In other words, algorithms aren’t being used to personalize prices, even as they are used for the ranking of products and services, advertising and offers.
The CMA also said that it’s “unlikely” that tacit coordination and personalized pricing occur within the same market. For the regulator, price comparisons are easy for customers, and the increasing use of data and algorithms doesn't alter that.
The CMA’s finding on personalized pricing echoes that of its predecessor, the Office of Fair Trading, five years ago. In 2013, the OFT said there was no evidence of it in the UK.
— Other issues —
But while this particular finding gives succor to companies such as Amazon, whose power as a combined online platform and retailer is under intense scrutiny, it may not last long. The CMA’s paper also highlighted a slew of algorithmic practices on the regulatory radar that give it cause for concern.
First, it said that as companies get more and more data on consumers, and as algorithmic modelling software advances, the danger of personalized pricing escalates. The use of “data-scraping methods allows for real-time data collection on consumers and competitors” that foster algorithmic pricing behavior, the CMA said, and “raises the possibility” of personalized pricing.
Second, it reminded algorithms can be used to implement illegal price-fixing and form cartels.
On this matter, the CMA has been here before. In 2016, the authority issued its first director disqualification in banning Daniel Aston — managing director at online poster supplier Trod — from acting as a company director for five years.
Trod had colluded with rival GB Posters not to undercut each other’s prices for posters and frames sold on Amazon’s UK website through the use of automated software to monitor prices. The sellers used repricing software to automatically review and adjust their prices to stay in line with the other, the CMA says.
Another looming issue is the use of algorithms without human involvement. As computing power grows and machine learning becomes more potent, the possibility of fully automated collusion could grow, the CMA said.
— Theories of harm —
The CMA stresses that the paper is focused on economic rather than legal analysis. That allows the regulator ample breathing room to advance its theories of harm and scale up its enforcement approach.
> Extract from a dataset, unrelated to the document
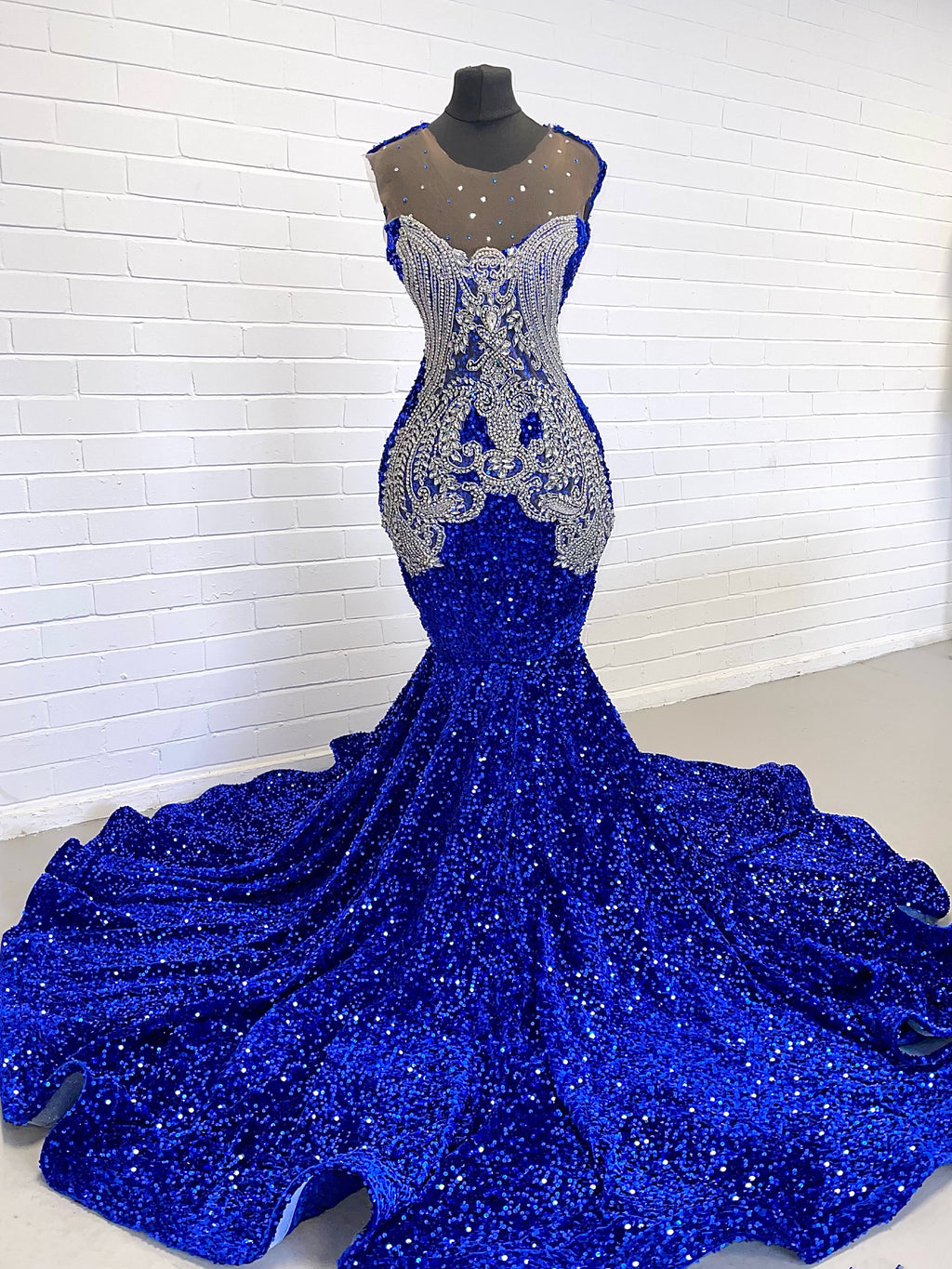 Fantasia Sequin dress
It already has a heavy body of work exploring these matters. Online consumer services are increasingly attracting scrutiny and UK enforcers have already looked at a plethora of sectors, such as price-comparison services, hotel-booking sites, ticketing websites and online retail.
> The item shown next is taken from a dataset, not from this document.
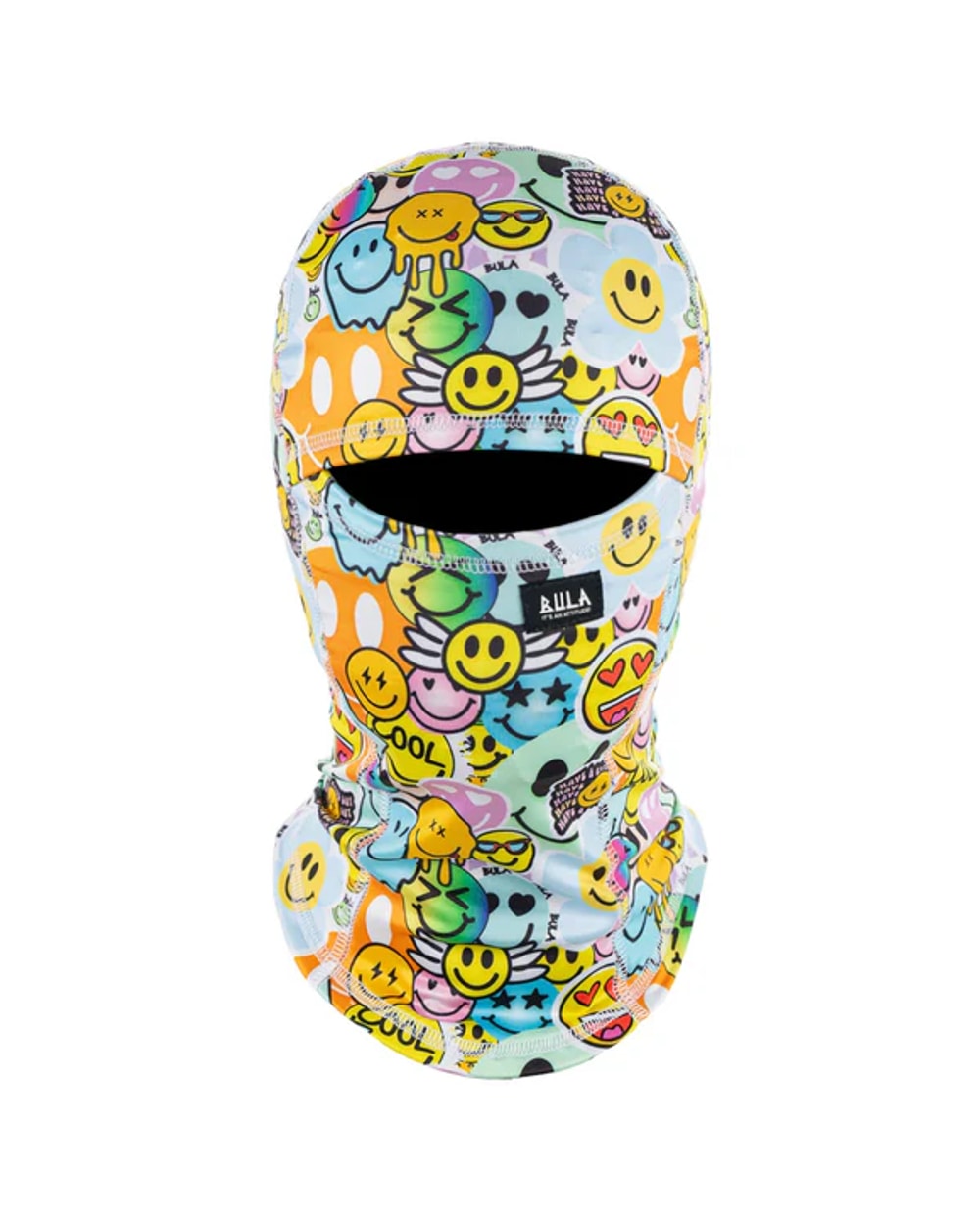 Youth Sharp Printed Balaclava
With a specialized antitrust enforcement unit up and running to increase surveillance of data and the digital economy, the CMA is stepping up its gaze. In the EU, too, pricing algorithms are likely to come under increased scrutiny from EU antitrust regulators under their own study.
The CMA’s work will also be helped by a UK government push for sector regulators, notably the Financial Conduct Authority, to develop performance metrics for companies and platforms.
And a government-led expert panel working to assess competition and consumer harm across digital technology markets, which will report back to the government, includes a focus on algorithms.
That initiative follows a wider UK government review into competition policy aimed at “modernizing consumer markets” including a focus on digital technology.
The CMA knows it has to be ahead of the curve. On consumer enforcement, it has asked for additional fining powers and more expansive inquiry timeframes. And a revamped toolkit will be become ever more important as complex antitrust cases involving digital industries that are currently reviewed in Brussels will fall into its lap after Brexit.
Companies whose business depends on elaborate online strategies may read the paper with a sigh of relief, but the feeling will be temporary. The regulatory scrutiny of algorithms has only just begun.